*** Begin section ***
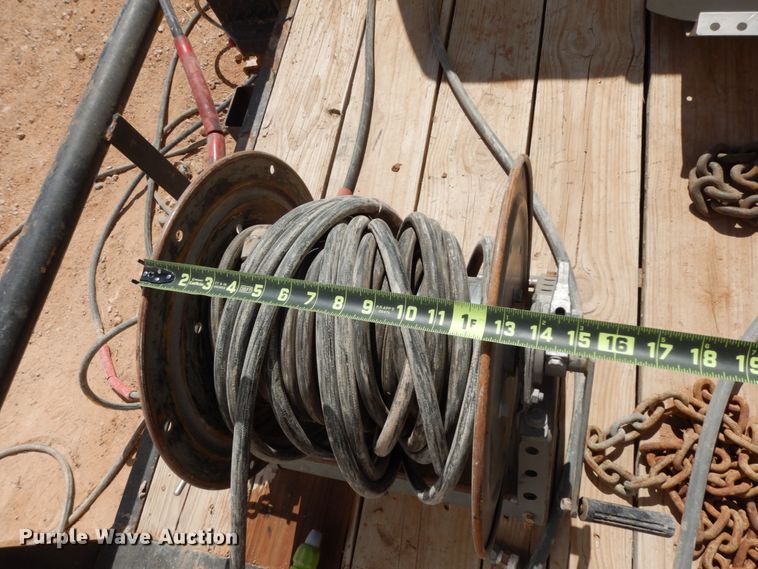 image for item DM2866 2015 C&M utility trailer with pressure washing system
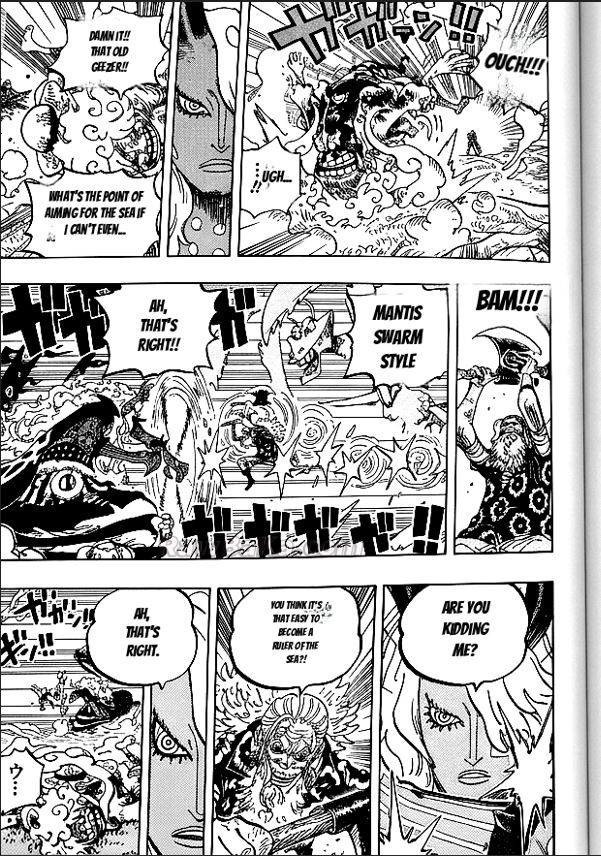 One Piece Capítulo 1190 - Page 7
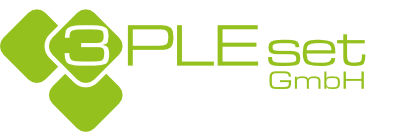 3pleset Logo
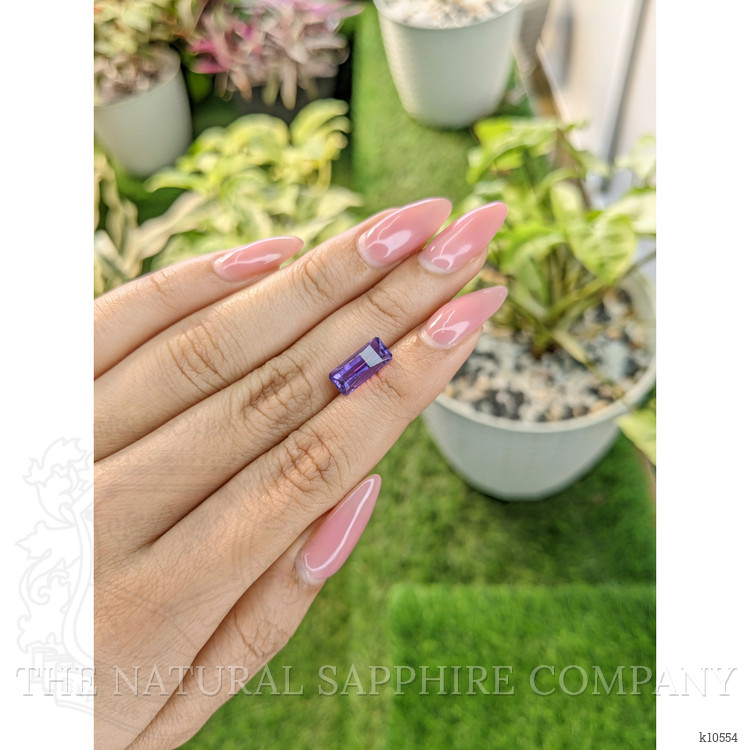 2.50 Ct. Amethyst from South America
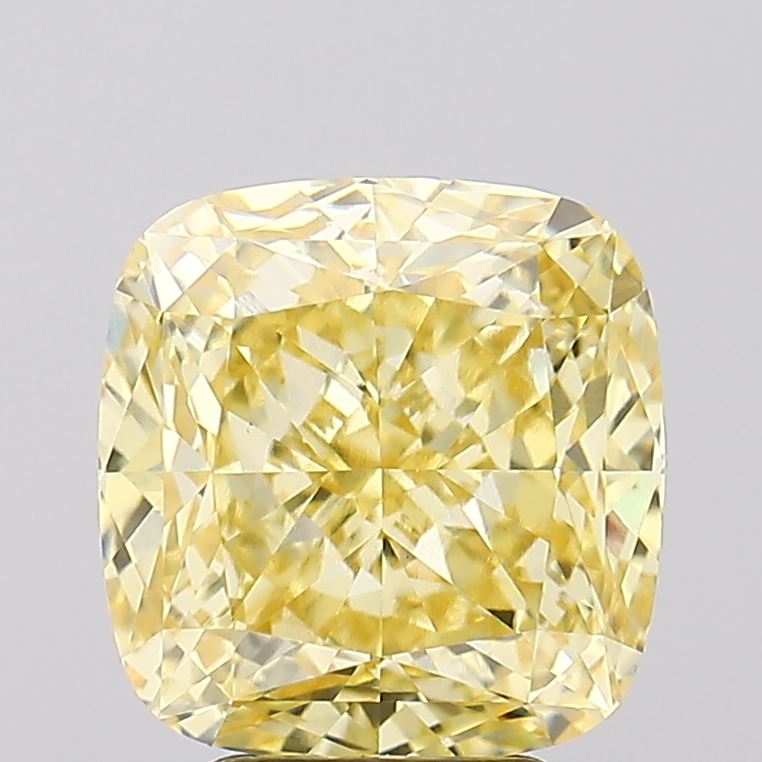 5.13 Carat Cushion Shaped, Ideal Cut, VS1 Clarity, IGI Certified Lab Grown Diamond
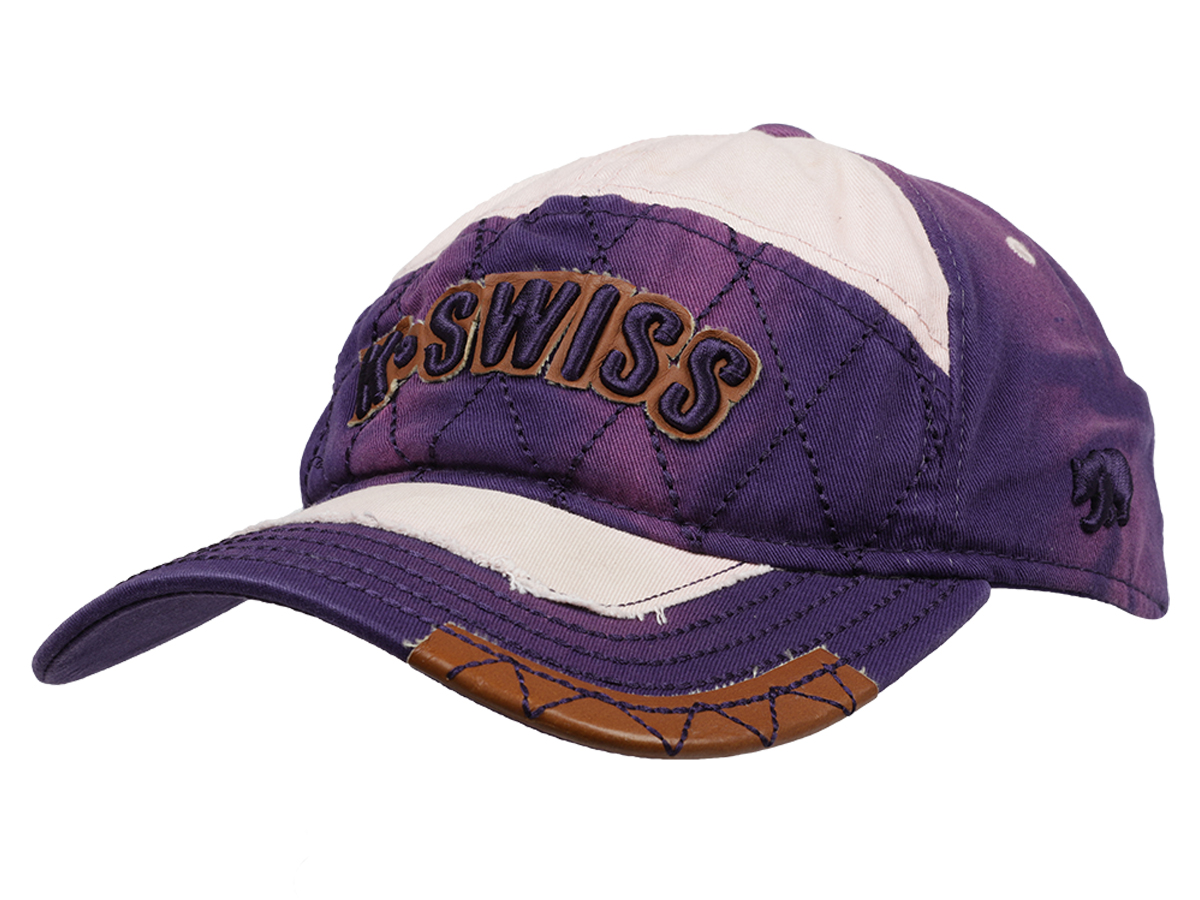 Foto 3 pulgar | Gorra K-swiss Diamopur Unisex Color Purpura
*** End section ***
*** Begin section ***
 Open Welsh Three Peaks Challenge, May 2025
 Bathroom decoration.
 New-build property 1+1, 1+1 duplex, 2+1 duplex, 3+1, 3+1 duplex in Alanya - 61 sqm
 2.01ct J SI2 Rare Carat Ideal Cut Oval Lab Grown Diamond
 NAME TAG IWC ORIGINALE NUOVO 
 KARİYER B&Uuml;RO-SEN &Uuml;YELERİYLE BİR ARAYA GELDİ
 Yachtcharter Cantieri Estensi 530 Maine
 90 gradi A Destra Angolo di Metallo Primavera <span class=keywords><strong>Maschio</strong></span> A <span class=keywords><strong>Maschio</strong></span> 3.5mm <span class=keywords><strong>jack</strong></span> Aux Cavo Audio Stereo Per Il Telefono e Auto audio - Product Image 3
*** End section ***
▶ Problem to work on
Would you copy the lines above exactly, starting with the one that has "5.13 Carat Cushion" and ending with the one that has "Foto 3 pulgar", both included, without the pictures?

▶ Solution for this exercise
 5.13 Carat Cushion Shaped, Ideal Cut, VS1 Clarity, IGI Certified Lab Grown Diamond
 Foto 3 pulgar | Gorra K-swiss Diamopur Unisex Color Purpura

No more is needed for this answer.